The Korea Centres for Disease Control and Prevention (KCDC) reported on Sunday 272 new coronavirus cases, for a total of 7,313 in the country. Two further deaths took the toll to 50, it added.
The increase in cases was lower than the same period a day before, though health officials have warned that numbers could fluctuate as more tests are processed.
In the city of Daegu, which accounts for as much as 75 per cent of all of South Korea's confirmed cases, mayor Kwon Young-jin told reporters that the number of new cases in the city has dropped to below 300 for the first time since Feb 29, Yonhap news agency reported.
"The increase in the number of infection cases is showing signs of slowing down," he said, according to Yonhap.
Daegu and two neighbouring areas have been declared "special care zones" by the government, which has sent extra medical supplies and staff, with military troops deployed to disinfect the streets.
KCDC director Jeong Eun-kyeong said the decrease appeared to be due to the fact that authorities were nearing the end of testing more than 200,000 members of the Shincheonji Church of Jesus, which was at the centre of the largest outbreaks.
"We put the Shincheonji church followers in quarantine to prevent further spread and tested them, and many of the confirmed cases came from them," she told reporters during a briefing in Seoul.
"The testing of the church followers is almost finished, so the number of confirmed cases has dropped accordingly."

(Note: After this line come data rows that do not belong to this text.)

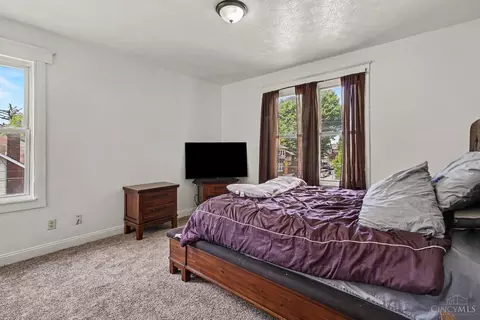 Bedroom - 934 Sunset Ave, Cincinnati, OH 45205 photo 4 of 7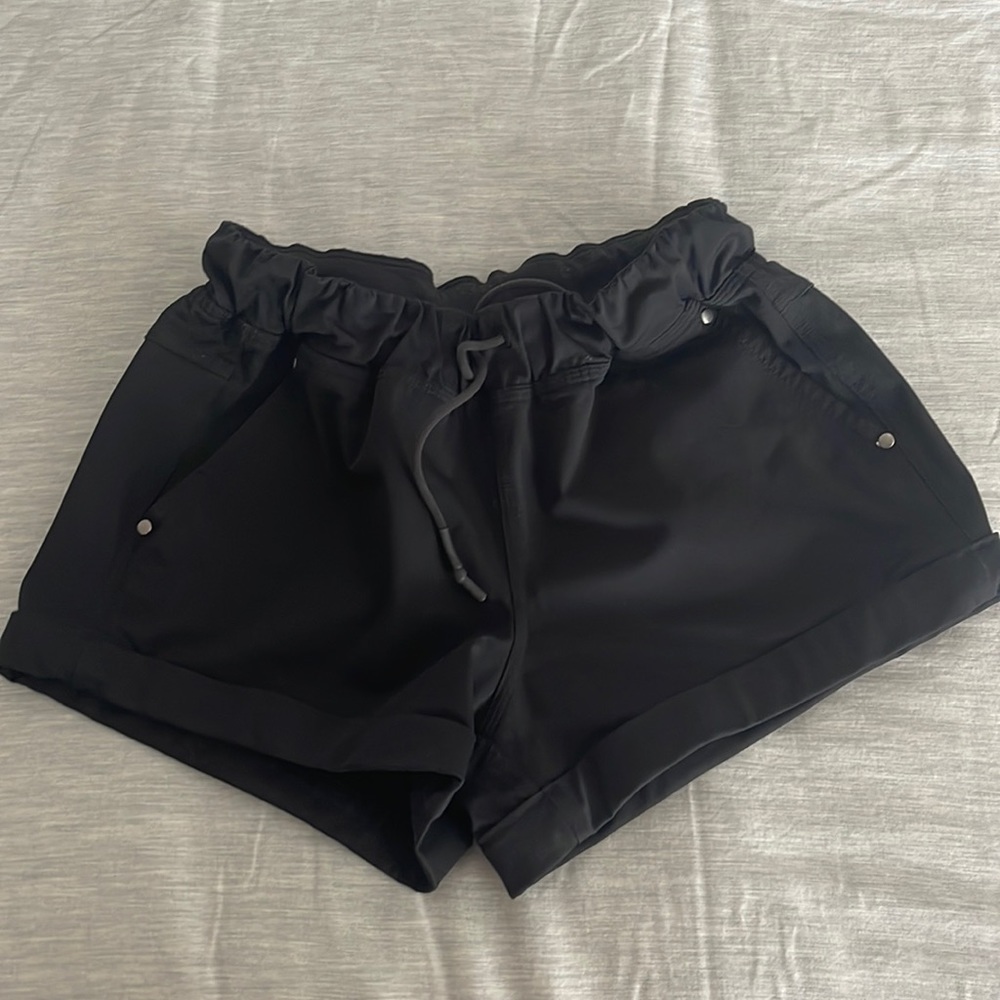 Lululemon shorts size 4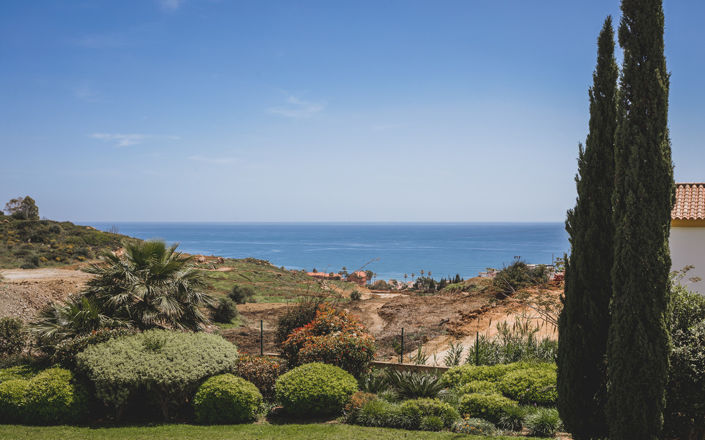 Image No.8-7 Bed Villa for sale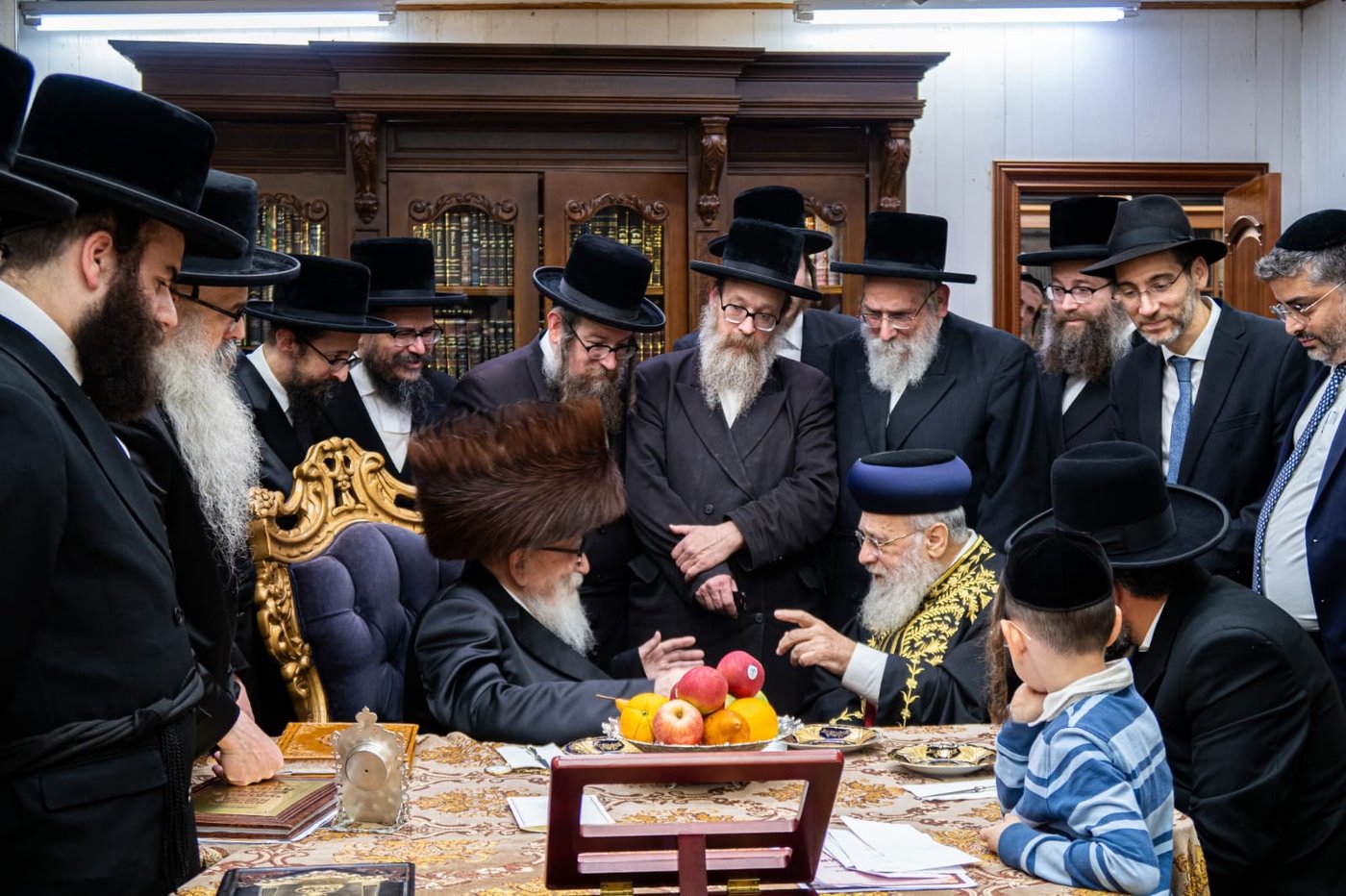 שיעור וביקור היסטורי של הראש"ל הגר"י יוסף בעיירה סקווירא | תיעוד מיוחד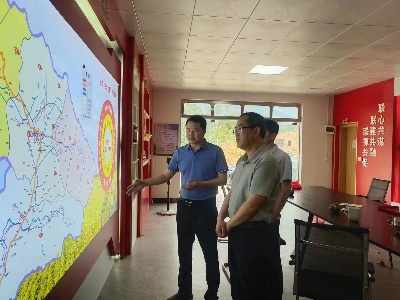 县政协主席王位华到上奉镇调研有事先商量工作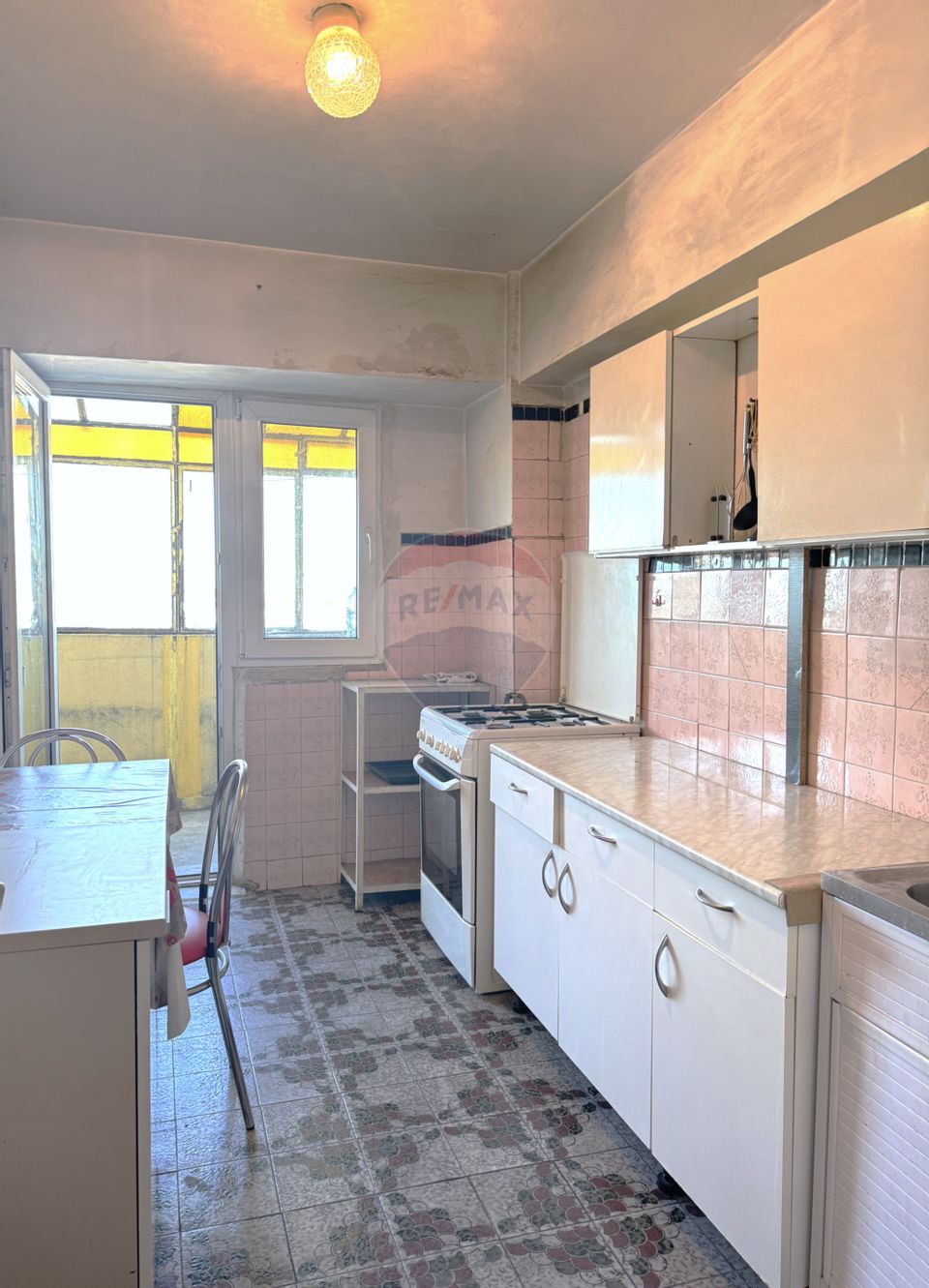 Apartament 3 camere I de renovat - Sos Colentina, Mol Colentina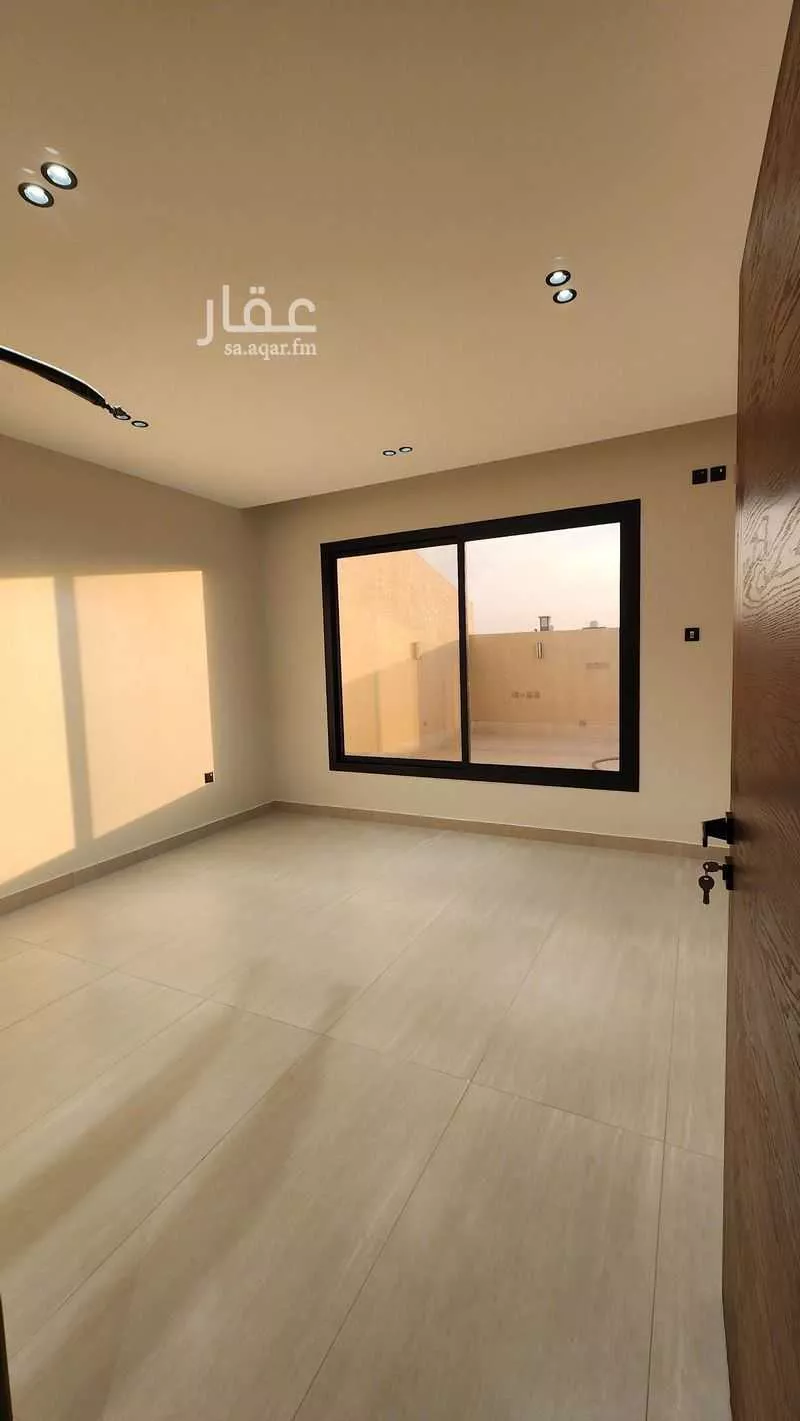 6 bedroom villa in Az Zomorod 19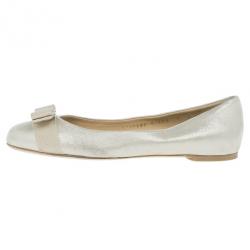 مملوكة مسبقًا Salvatore Ferragamo Metallic Varina Ballet Flats Size 38.5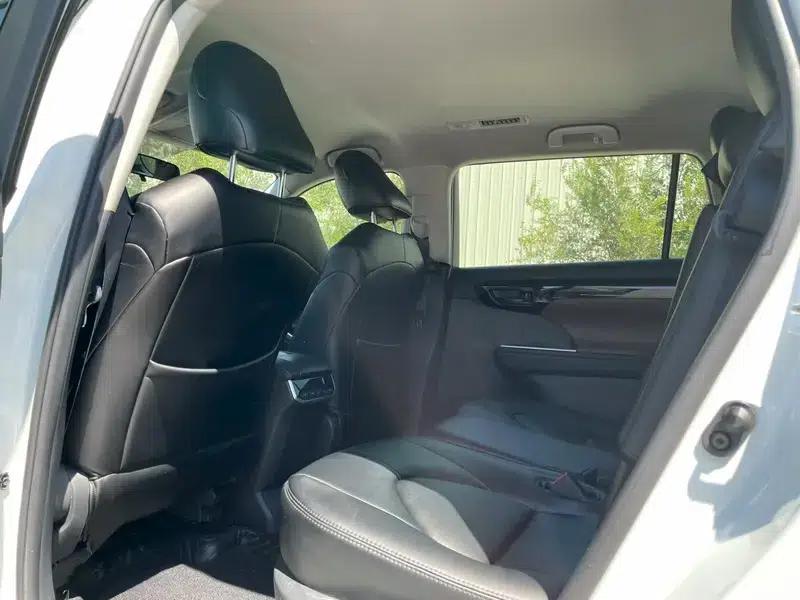 2022 Toyota Highlander Hybrid 2.5L AWD Elite 7-Seater — миниатюра 9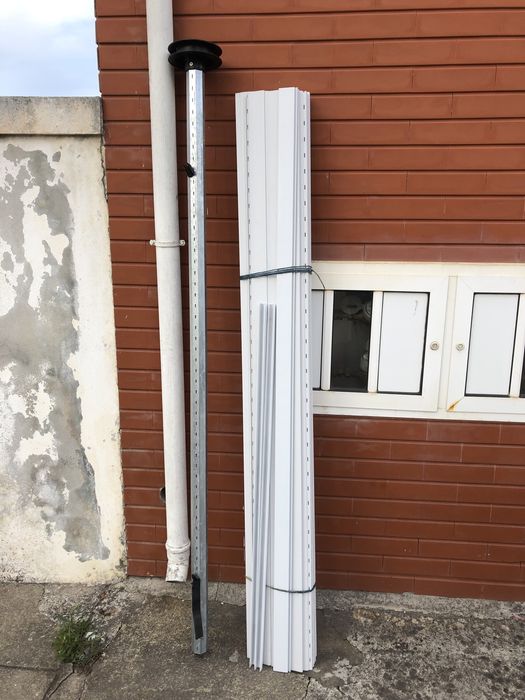 Tubo de estor e calhas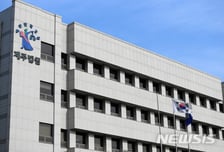 근무시간 노래방서 '음주 소란' 물의…부장판사 3명에 '경고'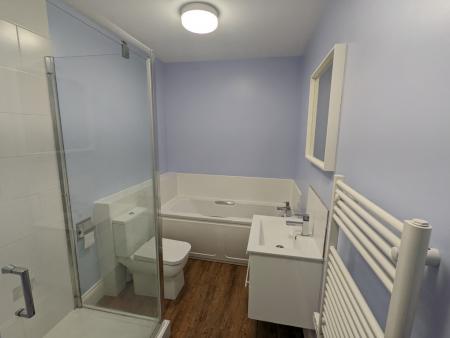 1 bedroom Flat to let in Montagu Street, Kettering, NN16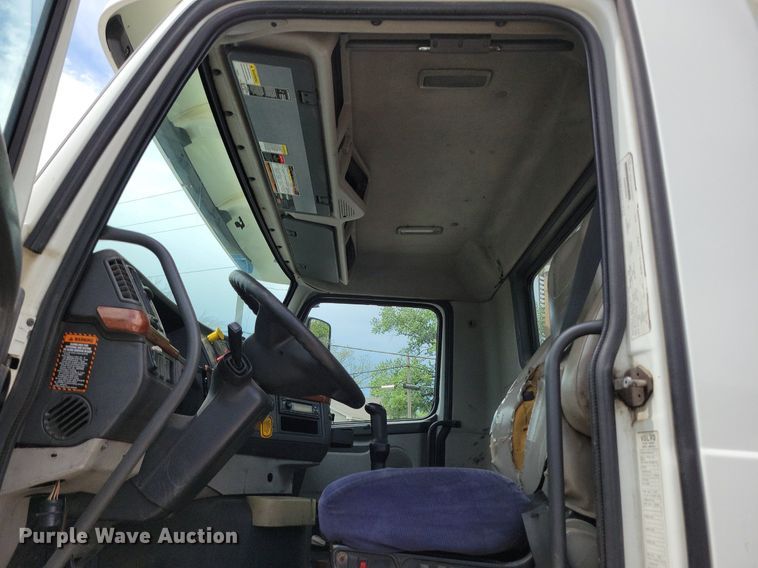 image for item DR7874 2009 Volvo VN Series semi truck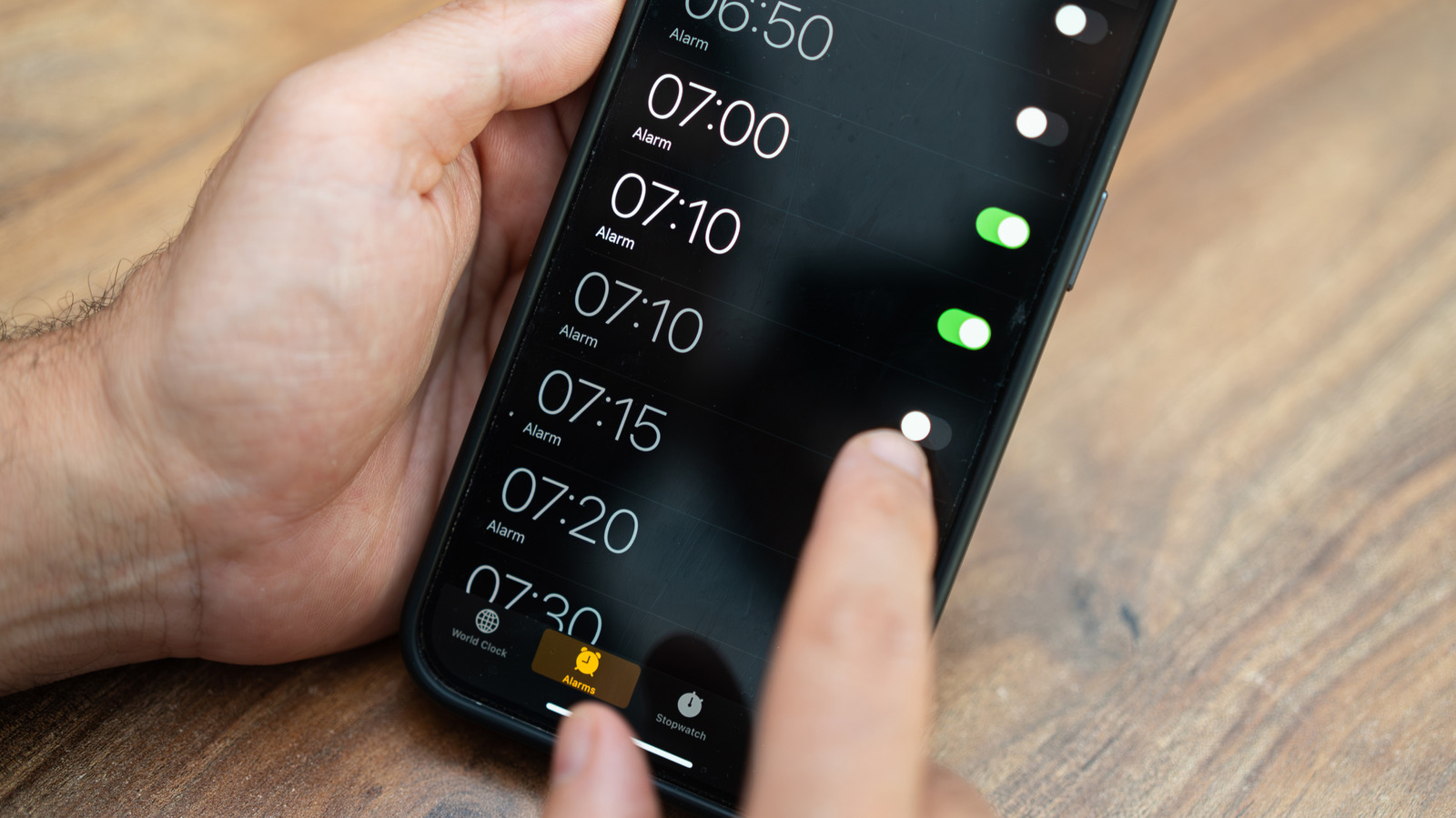 O estranho limite do despertador do iPhone que quase ninguém conhece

South Korea has conducted one of the most ambitious coronavirus testing programmes in the world, with thousands of people being tested every day.
Health officials have tested a total of 181,384 people suspected of having the virus, with 162,008 testing negative.
Facing shortages of face masks, the government starting on Monday (March 9) will impose a rationing system to limit the number of masks each person can buy each week.
On Sunday, South Korea's Prime Minister Chung Sye-kyun issued a public message, asking citizens to "actively cooperate" with the efforts to make sure healthcare workers and sick people have access to enough masks.
"Even if you feel inconvenient, I ask you to show a mature sense of civil awareness, based on concessions, consideration and cooperation so that people who really need face masks can buy them," he said, according to Yonhap news agency.
The government has imposed export restrictions on masks and urged factories to increase production.
South Korea - which has confirmed the largest number of coronavirus cases outside of China - has also faced an increasing number of travel restrictions, with more than 100 other countries imposing at least some restrictions on arrivals from South Korea.
The issue of travel restrictions rekindled a political and economic feud between South Korea and Japan last week, as South Korea said on Friday it would suspend visas and visa waivers for Japan in response to Tokyo's own travel restrictions on Koreans.